━━ Working data

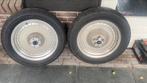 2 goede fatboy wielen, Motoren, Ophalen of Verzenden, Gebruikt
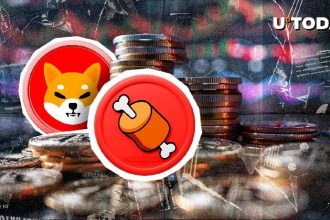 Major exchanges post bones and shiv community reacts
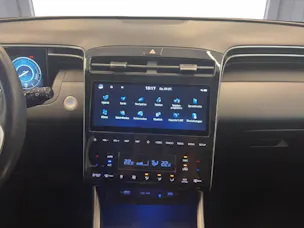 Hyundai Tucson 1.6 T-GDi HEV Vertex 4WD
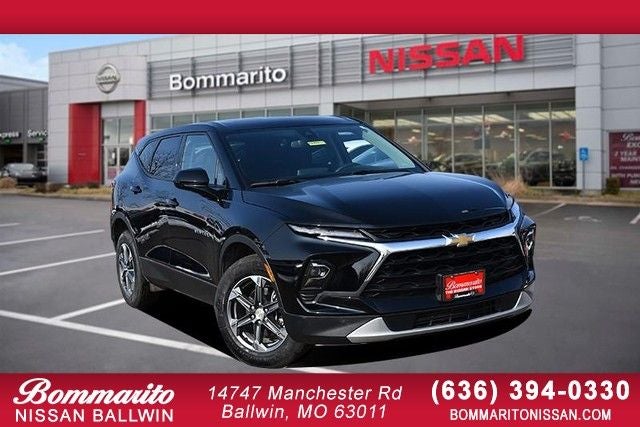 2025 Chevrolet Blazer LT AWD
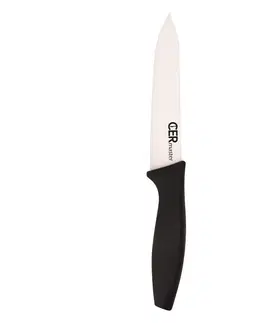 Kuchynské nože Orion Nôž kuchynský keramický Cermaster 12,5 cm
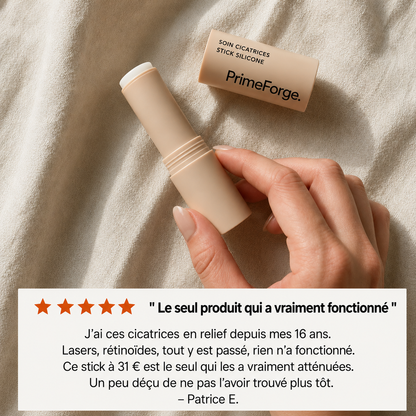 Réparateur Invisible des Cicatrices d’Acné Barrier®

━━━━
━━ Working data

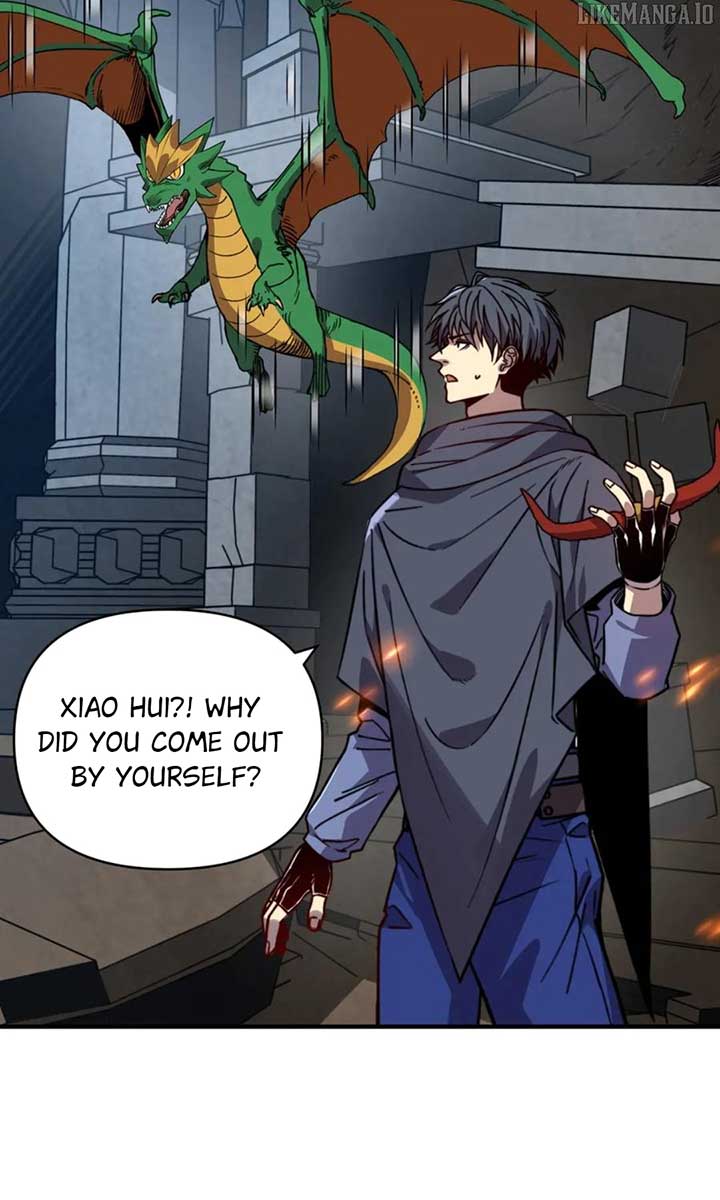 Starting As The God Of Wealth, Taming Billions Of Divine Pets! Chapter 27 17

━━━━

_What you are asked to do_. Copy out exactly the lines above beginning with the line that contains "2 goede fatboy" and finishing with the line that contains "Réparateur Invisible des", including both; leave the pictures out.

_Written reply_.
 2 goede fatboy wielen, Motoren, Ophalen of Verzenden, Gebruikt
 Major exchanges post bones and shiv community reacts
 Hyundai Tucson 1.6 T-GDi HEV Vertex 4WD
 2025 Chevrolet Blazer LT AWD
 Kuchynské nože Orion Nôž kuchynský keramický Cermaster 12,5 cm
 Réparateur Invisible des Cicatrices d’Acné Barrier®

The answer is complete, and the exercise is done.